There's still some work left to do in order to apply the Liouville measure of $\mathbb H^2$ to obtain the Liouville measure associated to $\phi$. For this purpose the first thing you have to do is to choose a locally isometric universal covering map $f : \mathbb H^2 \to S$. Associated to this map you have a deck transformation action of the group $\pi_1(S)$ on $\mathbb H^2$, and that action extends continuously to an action on $\mathbb H^2 \cup \partial \mathbb H^2$. This is where the dependence on $\phi$ comes in: different choices of the hyperbolic metric $\phi$ on $S$ will produce different universal covering maps $f$, different deck transformation actions of $\pi_1(S)$ on $\mathbb H^2$, and different extensions of that action to the boundary $\partial \mathbb H^2$.

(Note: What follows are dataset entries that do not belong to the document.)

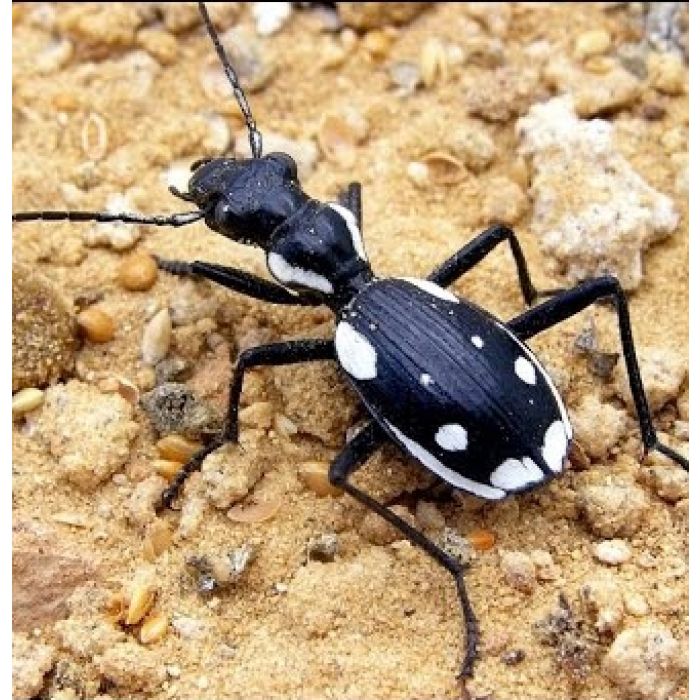 Anthia sexmaculata "Coleottero predatore egiziano"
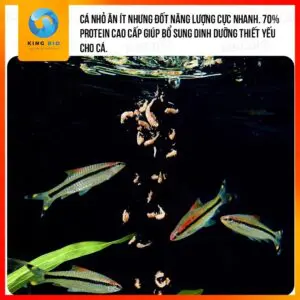 Tôm đỏ đông khô Yee Krill thức ăn dinh dưỡng cho cá cảnh và rùa - Ảnh 3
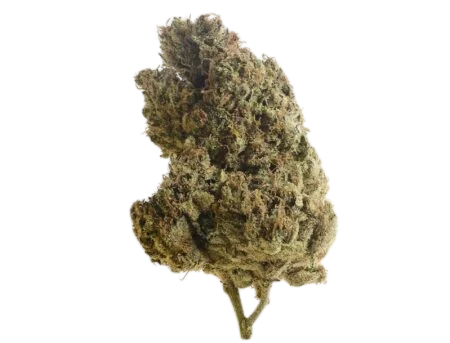 Lemongrass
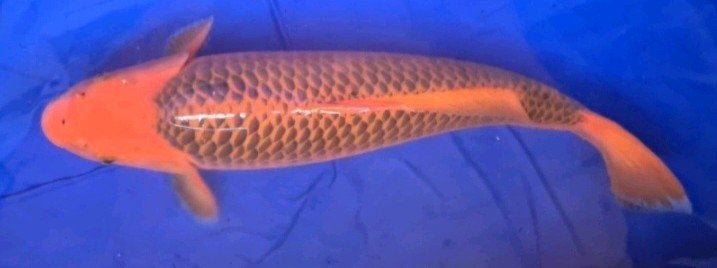 Koi Aka matsuba, Karper of Koi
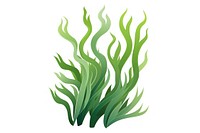 Seaweed white background wheatgrass nature. 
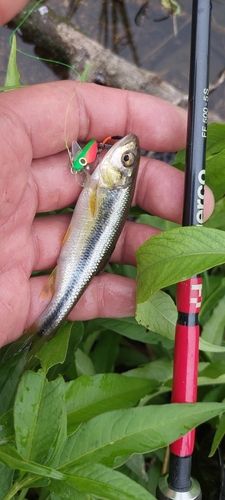 カワムツの釣果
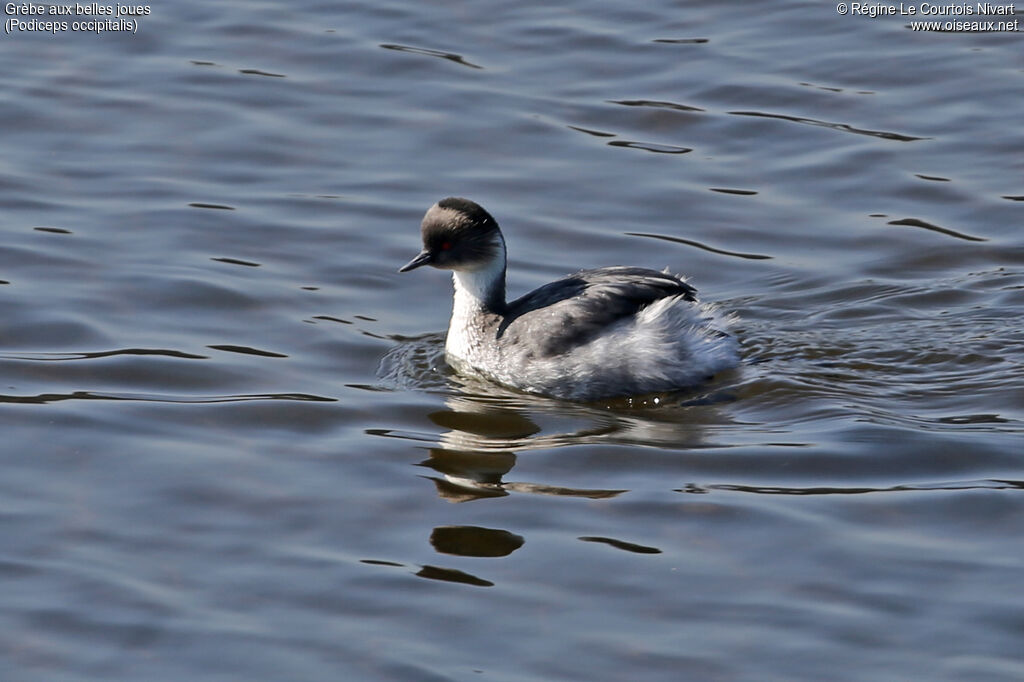 Silvery Grebe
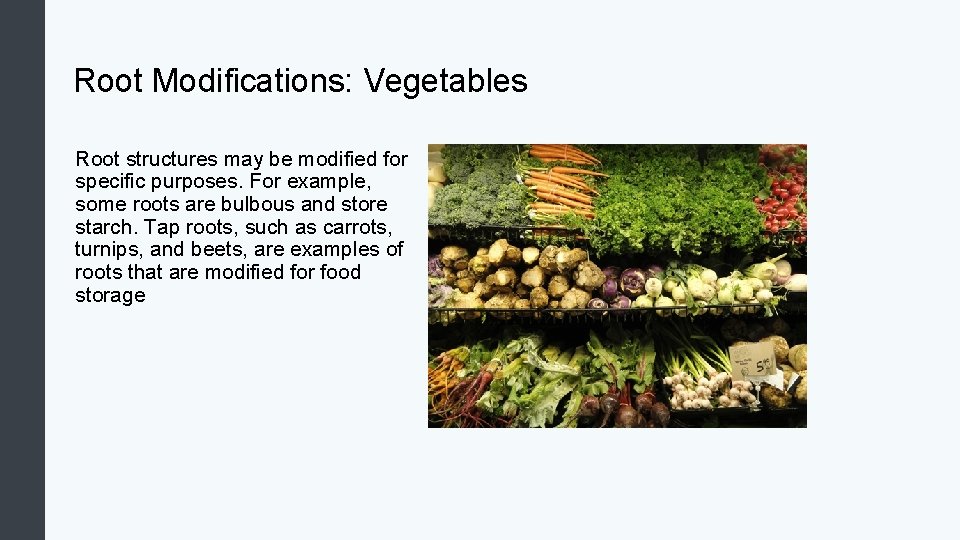 Root Modifications: Vegetables Root structures may be modified for specific purposes. For example, some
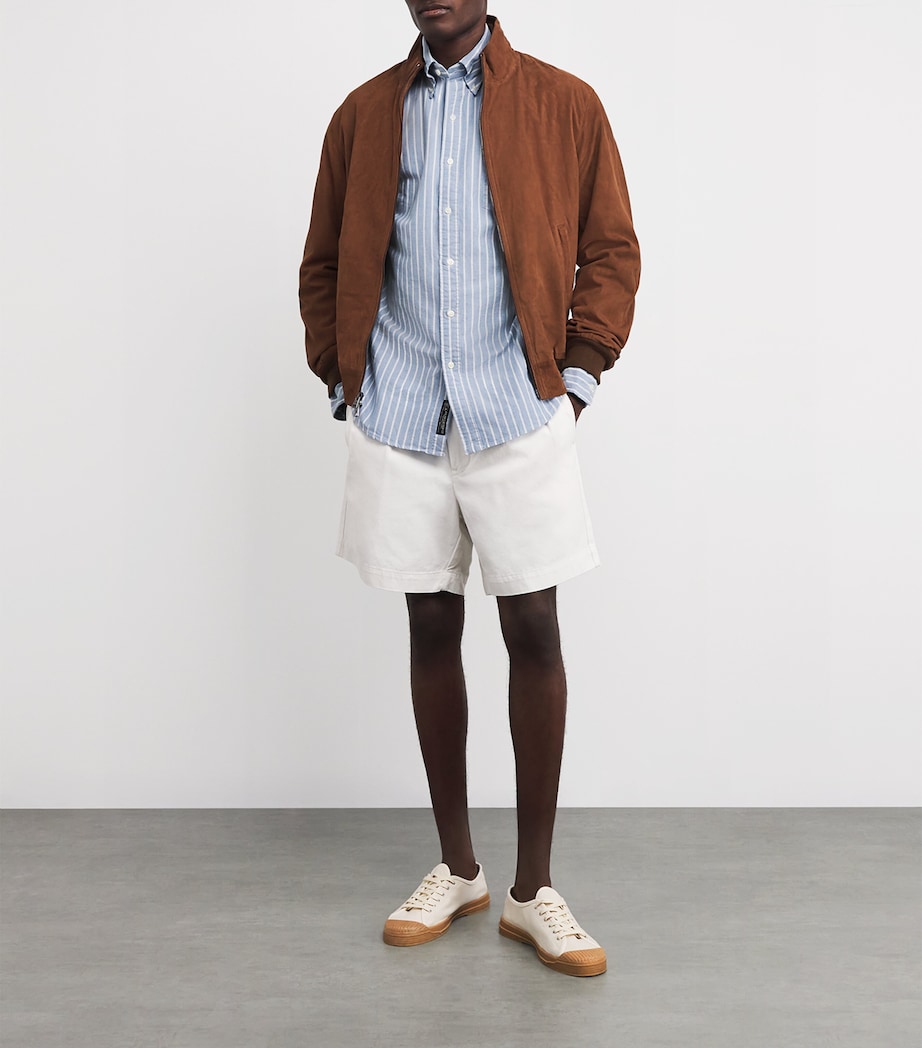 Cotton Stripe Oxford Shirt MULTI Image 2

I suspect that if you go back and reread the various constructions you have seen with the concepts of the previous paragraph in mind, you will see more explicitly the dependence on $\phi$. Rather than try to guess the format of any one of those constructions, let me make a point which will be general across any of those definitions.

The key thing to focus upon is that the domain of definition of the Liouville current of $\mathbb H^2$ itself is acted upon by the deck transformation group, the quotient of that action is the domain of definition of the Liouville current of $S$ with the metric $\phi$, and the latter Liouville current is the "local pushforward" of the former with respect to that quotient.